Originally posted by FortAnthem
reply to post by Bedlam
10k ohms of resistance is not always present in the human body. It can vary based on the healthiness of an individual, how dry or wet they are and
even how tired they are at any particular time.
So, you think it makes a lot of difference here if she's got somewhere between 300 ohms to 10k of resistance, with 1.5MV of potential across her
hands? Really? A lower value just means that she's got to have even MORE current across her to get that potential - it's not helping your argument.
Another interesting point to consider is that in addition to acting like a resistor, the epidermis acts like a capacitor if placed in contact with a
piece of metal ...
It acts like a really leaky capacitor with a low punch-through voltage.
If her body was acting as a capacitor, the static electricity would have been building up on the outside of her skin and would not need to pass
through her body in order to discharge. The distance between her two hands could have equaled a potential difference and, if her two hands had unequal
static charges built up around them, the spark may have been natures way of equalizing the charge. It may have been that her body's resistance was
greater than the air's resistance at that time due to whatever weird phenomena that fog created in her area, allowing the charge to dissipate through
the air rather than through her body.
The cite you used is telling you that dry skin has a higher impedance, about 10k, with wet skin having less, about 300-1000 ohms. They're also telling
you that in the case of AC, especially very high frequency AC like, say, RF, the capacitance of the epidermis can bypass the ~4.7K dry skin resistance
and make dry skin pass AC current as if it were wet. However. we're still talking a 10K dry resistance.
Think a 4.7K resistor in parallel with a small cap of a few hundred pf, that group in series with a 300 ohm resistor, then another 4.7K in parallel
with another small cap. Even with the caps there, it's still about 10K.
You can't get a static differential across it. Also, the epidermis doesn't have a >1.5MV breakdown voltage. If you got 1.5MV on "the outside of her
body" so that you had 1.5MV potential difference between hands, even if she had the world's least leaky epidermis, it would have punched through and
equalized.
Her body is not a conductor, it is a resistor with various levels of resistance throughout the various parts of the body. It would be very possible
for a potential difference to build up on her body, especially in a statically charged environment. A conductor is a material that allows electricity
to flow freely through it, like copper. Skin, with a resistance of 10k ohms is, by definition, a resistor.

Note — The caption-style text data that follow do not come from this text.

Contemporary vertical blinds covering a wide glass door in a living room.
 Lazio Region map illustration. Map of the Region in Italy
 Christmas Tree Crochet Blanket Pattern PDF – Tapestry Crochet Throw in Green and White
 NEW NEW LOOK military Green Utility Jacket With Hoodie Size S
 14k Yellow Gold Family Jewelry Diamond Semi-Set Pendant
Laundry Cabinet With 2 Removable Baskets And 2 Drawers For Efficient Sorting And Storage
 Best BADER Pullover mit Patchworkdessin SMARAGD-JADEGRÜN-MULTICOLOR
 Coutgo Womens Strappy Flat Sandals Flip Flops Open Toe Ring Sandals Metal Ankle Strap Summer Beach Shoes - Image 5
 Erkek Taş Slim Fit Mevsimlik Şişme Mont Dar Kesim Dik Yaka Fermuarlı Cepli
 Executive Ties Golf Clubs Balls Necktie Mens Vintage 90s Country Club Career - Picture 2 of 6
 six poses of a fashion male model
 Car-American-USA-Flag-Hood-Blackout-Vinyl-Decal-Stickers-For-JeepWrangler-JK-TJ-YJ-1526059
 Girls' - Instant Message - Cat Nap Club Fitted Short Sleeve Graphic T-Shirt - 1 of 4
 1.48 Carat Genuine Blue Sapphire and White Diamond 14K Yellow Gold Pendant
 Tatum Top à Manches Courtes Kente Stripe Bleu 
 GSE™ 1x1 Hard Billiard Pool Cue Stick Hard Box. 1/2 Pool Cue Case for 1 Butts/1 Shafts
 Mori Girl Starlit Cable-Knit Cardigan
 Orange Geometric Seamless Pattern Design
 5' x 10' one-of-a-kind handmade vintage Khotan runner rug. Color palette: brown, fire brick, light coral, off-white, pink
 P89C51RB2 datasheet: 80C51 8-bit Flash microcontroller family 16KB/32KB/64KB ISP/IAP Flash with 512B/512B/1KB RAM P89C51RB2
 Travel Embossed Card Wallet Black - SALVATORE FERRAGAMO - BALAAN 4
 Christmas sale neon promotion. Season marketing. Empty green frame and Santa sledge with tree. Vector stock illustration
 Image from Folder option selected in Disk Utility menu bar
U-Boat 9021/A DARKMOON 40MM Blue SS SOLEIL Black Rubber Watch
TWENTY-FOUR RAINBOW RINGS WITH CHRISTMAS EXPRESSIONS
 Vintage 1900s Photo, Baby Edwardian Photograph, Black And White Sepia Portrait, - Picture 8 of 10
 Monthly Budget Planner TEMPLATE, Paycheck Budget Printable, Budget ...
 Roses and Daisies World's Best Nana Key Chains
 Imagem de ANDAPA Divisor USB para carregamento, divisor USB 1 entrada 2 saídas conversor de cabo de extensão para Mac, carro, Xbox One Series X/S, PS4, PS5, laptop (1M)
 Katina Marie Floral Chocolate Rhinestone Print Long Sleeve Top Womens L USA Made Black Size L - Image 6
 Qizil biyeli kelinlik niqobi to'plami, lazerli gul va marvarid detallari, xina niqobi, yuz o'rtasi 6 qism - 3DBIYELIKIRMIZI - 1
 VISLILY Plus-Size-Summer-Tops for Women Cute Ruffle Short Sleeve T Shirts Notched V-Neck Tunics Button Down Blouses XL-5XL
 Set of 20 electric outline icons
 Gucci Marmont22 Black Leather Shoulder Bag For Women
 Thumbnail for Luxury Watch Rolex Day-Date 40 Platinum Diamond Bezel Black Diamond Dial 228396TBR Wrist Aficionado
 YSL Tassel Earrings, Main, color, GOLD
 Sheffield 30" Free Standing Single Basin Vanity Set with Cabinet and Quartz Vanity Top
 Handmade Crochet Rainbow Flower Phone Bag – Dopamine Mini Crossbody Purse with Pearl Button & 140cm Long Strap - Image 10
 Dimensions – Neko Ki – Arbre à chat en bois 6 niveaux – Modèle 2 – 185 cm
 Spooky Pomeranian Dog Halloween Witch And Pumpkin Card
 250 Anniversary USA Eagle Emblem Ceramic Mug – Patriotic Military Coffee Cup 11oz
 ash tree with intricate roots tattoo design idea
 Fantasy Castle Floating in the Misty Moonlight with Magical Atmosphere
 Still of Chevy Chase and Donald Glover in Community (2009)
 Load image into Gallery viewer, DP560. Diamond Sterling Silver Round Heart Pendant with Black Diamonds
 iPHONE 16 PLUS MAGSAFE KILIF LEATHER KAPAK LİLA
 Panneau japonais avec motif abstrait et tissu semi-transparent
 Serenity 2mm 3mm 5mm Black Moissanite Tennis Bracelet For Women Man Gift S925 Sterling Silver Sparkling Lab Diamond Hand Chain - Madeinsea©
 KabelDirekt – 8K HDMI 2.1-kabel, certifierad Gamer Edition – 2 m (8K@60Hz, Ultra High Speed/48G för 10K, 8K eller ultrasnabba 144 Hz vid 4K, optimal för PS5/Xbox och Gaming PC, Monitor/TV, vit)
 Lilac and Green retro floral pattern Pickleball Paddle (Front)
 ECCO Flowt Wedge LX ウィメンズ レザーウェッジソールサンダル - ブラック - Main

Resistors are conductors. Just not as good as a perfect conductor. Even copper is a resistor, I use copper strap resistors for current measurement all
the time. See also: current shunt.
A potential difference across a resistor causes a current flow. As I pointed out, the current will be E/R. If E = 1.5MV, and R is about 10K, then I =
150A, in order to sustain that potential difference.
edit on 12/18/12 by FortAnthem because: Doh! Forgot the link.